Usually, the investee company and all its shareholders (including the investor) will enter into an investment/shareholders’ agreement when the investment is made. Often, this sets out specific matters which cannot be undertaken without the prior approval of the investor, including the hiring or removal of key executives, or the alteration of their remuneration or other material terms of their employment.
The investment/shareholders’ agreement (and the investee company’s constitutional documents) may also provide that upon the occurrence of specified events (such as the departure of a key employee), the investor’s rights will be enhanced (for instance, by increasing voting rights at board/shareholder level, and entitling the investor to require accelerated repayment of any debt or preference share capital provided by it to the investee company).
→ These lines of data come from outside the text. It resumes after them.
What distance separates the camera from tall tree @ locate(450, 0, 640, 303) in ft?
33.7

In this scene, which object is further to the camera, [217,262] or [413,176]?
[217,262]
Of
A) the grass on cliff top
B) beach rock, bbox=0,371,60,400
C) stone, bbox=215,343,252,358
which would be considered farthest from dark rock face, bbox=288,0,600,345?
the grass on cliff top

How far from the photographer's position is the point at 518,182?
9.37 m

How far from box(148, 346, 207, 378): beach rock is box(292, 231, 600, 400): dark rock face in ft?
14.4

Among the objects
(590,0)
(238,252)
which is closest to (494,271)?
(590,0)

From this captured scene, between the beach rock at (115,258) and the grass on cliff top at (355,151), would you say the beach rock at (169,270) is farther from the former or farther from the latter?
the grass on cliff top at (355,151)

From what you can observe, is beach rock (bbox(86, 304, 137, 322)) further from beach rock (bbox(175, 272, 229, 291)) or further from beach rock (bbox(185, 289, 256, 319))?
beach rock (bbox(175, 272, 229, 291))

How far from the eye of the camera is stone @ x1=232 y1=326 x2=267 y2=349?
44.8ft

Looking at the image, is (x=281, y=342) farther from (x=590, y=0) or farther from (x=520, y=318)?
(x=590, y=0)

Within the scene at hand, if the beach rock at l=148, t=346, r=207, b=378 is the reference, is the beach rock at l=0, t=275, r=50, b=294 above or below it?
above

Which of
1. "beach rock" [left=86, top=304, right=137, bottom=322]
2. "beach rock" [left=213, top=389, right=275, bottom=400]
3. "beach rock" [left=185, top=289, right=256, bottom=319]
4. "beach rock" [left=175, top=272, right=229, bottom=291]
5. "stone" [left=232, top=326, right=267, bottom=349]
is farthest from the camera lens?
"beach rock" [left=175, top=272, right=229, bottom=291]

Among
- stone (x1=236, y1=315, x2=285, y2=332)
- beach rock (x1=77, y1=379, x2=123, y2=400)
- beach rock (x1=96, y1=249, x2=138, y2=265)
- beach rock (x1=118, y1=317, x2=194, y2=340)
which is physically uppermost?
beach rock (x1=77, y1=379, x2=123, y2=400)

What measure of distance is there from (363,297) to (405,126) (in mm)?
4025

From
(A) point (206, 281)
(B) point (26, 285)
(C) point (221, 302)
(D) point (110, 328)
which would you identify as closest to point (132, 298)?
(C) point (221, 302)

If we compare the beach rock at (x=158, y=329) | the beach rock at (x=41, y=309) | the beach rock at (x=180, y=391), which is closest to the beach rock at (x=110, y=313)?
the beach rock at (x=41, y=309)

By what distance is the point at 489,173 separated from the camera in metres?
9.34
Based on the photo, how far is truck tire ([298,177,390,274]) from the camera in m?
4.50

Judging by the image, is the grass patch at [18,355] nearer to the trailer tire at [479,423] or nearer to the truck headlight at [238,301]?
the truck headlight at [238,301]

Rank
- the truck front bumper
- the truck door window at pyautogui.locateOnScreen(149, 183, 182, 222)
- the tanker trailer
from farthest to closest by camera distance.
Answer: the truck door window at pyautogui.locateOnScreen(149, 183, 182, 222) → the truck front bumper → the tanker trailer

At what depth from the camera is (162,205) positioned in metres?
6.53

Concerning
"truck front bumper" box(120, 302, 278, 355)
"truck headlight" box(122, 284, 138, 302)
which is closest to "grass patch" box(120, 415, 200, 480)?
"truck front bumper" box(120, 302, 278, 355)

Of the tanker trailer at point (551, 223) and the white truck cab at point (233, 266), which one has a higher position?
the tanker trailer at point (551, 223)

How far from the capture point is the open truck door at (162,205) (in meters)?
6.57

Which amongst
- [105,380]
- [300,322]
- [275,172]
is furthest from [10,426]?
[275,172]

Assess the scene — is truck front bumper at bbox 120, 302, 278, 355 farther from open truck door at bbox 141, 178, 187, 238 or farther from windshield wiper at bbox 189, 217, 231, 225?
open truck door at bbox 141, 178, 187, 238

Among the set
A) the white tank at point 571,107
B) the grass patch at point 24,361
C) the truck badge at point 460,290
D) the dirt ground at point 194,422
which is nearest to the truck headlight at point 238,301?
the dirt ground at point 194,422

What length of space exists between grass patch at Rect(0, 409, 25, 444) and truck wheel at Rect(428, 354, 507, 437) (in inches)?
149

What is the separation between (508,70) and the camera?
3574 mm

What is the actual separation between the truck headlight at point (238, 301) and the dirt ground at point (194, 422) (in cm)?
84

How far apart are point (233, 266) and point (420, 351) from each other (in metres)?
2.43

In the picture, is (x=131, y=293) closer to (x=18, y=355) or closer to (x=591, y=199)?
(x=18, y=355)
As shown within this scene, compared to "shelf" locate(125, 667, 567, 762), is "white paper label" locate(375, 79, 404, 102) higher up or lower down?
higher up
The purpose of these provisions is not of course to enable the investor to interfere with the management’s conduct of the business of the investee company, but rather to ensure that the investor can step in (and exercise greater executive influence) if there are significant changes at the executive level which may potentially threaten the value of the investment.
Restrictive and Other Covenants
The investment/shareholders’ agreement (and senior employees’ service agreements) should also contain restrictive covenants, which prevent shareholders/key employees from competing with the company, or from poaching the company’s customers, suppliers and staff. Restrictive covenants last for a specified period after they leave the company (usually up to 24 months). Both the investor and the investee company should also ensure that service agreements contain gardening leave provisions, so that if a key employee leaves, he can be required to serve out his notice period away from his place of work – this reduces the opportunity for the employee to solicit business for a new employer by contacting the company’s existing customers/suppliers, or misusing the company’s confidential information or intellectual property prior to his departure.
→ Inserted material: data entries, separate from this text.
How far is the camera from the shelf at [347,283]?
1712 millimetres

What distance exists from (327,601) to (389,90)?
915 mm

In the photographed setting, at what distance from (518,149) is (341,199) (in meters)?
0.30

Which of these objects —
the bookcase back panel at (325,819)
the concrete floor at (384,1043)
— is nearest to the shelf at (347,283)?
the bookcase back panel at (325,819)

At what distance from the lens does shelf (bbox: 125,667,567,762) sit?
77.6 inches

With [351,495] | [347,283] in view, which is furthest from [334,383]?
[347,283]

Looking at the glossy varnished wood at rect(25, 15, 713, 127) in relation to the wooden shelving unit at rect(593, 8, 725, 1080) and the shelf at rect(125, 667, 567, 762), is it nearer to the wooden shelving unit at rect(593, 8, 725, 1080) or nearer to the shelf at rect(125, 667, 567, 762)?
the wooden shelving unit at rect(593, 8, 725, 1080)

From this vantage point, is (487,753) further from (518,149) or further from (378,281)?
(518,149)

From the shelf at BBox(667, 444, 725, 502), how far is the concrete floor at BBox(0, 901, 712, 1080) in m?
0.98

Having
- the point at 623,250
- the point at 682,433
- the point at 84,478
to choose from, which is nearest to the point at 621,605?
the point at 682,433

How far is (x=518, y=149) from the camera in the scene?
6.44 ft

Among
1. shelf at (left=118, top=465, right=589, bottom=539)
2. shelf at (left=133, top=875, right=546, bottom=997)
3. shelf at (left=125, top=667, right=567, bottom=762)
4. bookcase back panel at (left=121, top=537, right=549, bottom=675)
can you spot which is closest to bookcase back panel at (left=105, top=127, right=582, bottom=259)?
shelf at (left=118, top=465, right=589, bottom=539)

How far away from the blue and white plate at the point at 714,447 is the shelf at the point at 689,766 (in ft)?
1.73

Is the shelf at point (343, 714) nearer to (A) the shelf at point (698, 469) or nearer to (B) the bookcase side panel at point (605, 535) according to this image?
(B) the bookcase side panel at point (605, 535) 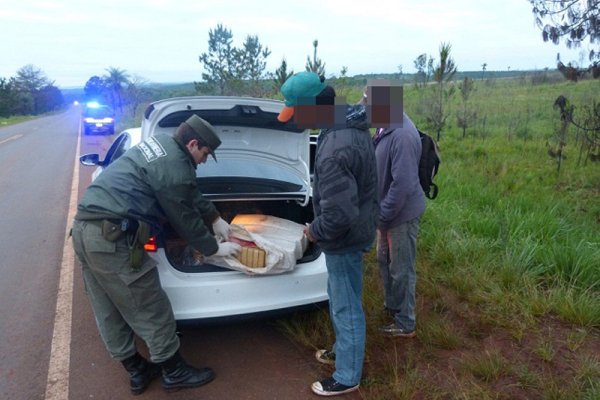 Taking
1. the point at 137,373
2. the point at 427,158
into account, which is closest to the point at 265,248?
A: the point at 137,373

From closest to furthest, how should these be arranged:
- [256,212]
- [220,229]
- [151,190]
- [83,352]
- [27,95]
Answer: [151,190]
[220,229]
[83,352]
[256,212]
[27,95]

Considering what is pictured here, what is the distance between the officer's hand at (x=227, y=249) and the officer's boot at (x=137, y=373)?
0.81 metres

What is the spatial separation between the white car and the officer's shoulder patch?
0.34 m

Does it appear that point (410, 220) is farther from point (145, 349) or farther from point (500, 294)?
point (145, 349)

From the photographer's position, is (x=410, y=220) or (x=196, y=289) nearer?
(x=196, y=289)

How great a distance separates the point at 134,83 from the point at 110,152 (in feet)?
91.4

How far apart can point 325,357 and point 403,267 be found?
2.63ft

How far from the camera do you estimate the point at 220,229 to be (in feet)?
10.0

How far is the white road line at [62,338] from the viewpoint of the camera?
2855 mm

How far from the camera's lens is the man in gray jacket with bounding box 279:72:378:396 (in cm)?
233

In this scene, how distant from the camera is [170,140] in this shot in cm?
270

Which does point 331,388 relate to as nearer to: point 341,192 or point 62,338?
point 341,192

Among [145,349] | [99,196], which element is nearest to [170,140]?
[99,196]

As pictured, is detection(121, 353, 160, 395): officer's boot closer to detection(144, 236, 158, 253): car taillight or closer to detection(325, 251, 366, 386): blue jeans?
detection(144, 236, 158, 253): car taillight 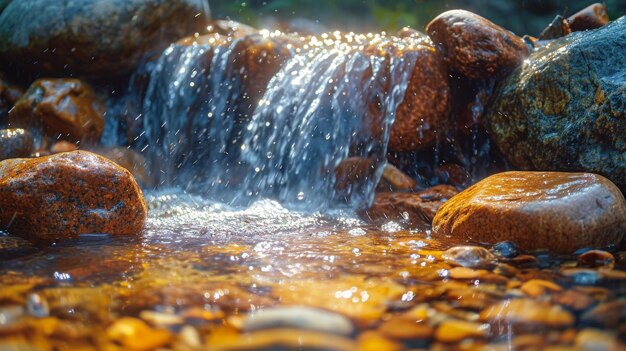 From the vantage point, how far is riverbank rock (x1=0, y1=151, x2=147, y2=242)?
286 centimetres

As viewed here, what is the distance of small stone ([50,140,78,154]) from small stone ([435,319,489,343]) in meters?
4.74

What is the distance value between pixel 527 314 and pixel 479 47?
360 cm

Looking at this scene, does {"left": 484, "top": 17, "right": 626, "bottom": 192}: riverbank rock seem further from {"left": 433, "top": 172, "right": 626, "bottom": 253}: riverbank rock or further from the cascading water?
the cascading water

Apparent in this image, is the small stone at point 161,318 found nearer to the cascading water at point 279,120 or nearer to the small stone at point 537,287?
the small stone at point 537,287

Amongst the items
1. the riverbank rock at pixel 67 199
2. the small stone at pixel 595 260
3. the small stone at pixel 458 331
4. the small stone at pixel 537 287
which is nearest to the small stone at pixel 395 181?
the small stone at pixel 595 260

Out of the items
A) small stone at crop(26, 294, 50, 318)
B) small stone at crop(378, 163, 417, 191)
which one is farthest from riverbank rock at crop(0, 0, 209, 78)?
small stone at crop(26, 294, 50, 318)

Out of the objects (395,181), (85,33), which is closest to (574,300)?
(395,181)


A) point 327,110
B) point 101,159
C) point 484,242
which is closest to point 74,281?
point 101,159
These provisions require careful drafting to ensure, so far as possible, that they are legally enforceable.
Usually, the constitutional documents of an investee company contain provisions requiring departing employees who are shareholders to offer their shares for sale, to the other continuing shareholders and, sometimes, to the company itself. This is important, from the perspective of both investor and investee company, in order to ensure that former employees do not participate in the growth of the investee company after they leave and cease to contribute. These so-called “leaver provisions” usually differentiate between a “good leaver” and a “bad leaver”, depending on the circumstances of their departure. Although there are many variables, usually employees who are severely unwell or die during the period of their employment, or who are unlawfully dismissed by the investee company are categorised as ‘good leavers’, whereas employees who leave for any other reason are categorised as “bad leavers”. The important differentiator is that “good leavers” are usually entitled to receive market value for their shares, but “bad leavers” may only receive the face or par value of their shares or the amount they paid for them when they were acquired.
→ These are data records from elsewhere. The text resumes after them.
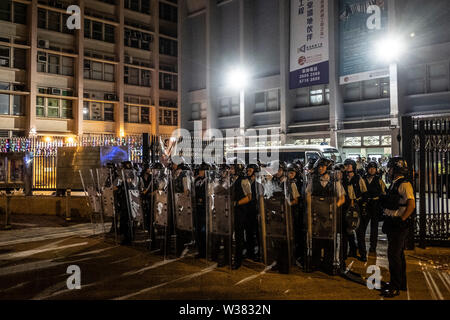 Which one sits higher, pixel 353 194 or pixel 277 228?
pixel 353 194

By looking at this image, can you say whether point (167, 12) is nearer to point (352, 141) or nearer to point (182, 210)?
point (352, 141)

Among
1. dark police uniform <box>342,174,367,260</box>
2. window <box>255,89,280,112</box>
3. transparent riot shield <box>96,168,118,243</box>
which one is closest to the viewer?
dark police uniform <box>342,174,367,260</box>

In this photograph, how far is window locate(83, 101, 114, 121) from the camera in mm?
38719

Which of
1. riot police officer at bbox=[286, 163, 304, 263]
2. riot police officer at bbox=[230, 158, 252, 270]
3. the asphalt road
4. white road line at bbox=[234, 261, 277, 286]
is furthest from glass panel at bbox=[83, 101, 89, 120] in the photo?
white road line at bbox=[234, 261, 277, 286]

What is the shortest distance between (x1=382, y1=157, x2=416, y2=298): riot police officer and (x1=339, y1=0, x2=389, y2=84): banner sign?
66.6ft

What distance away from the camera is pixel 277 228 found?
731cm

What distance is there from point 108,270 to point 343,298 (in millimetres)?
4280

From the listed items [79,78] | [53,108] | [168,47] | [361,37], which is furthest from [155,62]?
[361,37]

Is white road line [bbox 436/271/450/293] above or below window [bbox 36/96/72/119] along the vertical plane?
below

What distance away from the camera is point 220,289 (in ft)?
20.9

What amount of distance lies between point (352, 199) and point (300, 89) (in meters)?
23.9

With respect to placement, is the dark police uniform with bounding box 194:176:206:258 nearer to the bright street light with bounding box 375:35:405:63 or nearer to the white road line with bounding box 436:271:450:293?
the white road line with bounding box 436:271:450:293

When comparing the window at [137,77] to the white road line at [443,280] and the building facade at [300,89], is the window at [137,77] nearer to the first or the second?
the building facade at [300,89]

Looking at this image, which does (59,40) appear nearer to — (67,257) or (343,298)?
(67,257) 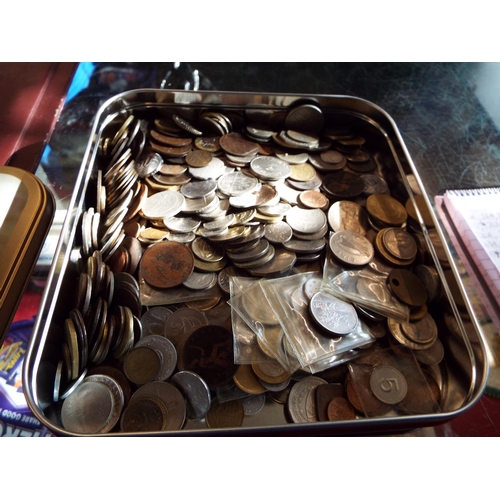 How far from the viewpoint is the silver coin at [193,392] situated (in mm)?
871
In some cases, the constitutional documents will enable the investee company (and/or its continuing shareholders) to “claw back” part of the purchase price paid to a departing employee, where that employee was treated as a “good leaver” on departure but subsequently became “bad” by joining a competitor, in breach of the restrictive covenants contained in his service agreement or the investment/shareholders’ agreement.
Where a departing executive holds options (but not existing shares) in the investee company, an investor will usually expect the options to lapse automatically on departure – again, to avoid any former employee having any continuing stake in the future business.
In summary, although there may be scope to negotiate the detail of some of these restrictions with an investor, generally management and the investee company should recognise that many of these requirements are a necessary by-product of obtaining external investment. Ultimately, the motivation of an investor to insist upon these provisions is to protect the value of their investment, rather than using them as a means of interfering with the management of the business. Further, in most cases, these protections are in the commercial interests of the investee company and its other shareholders, as well as the investor.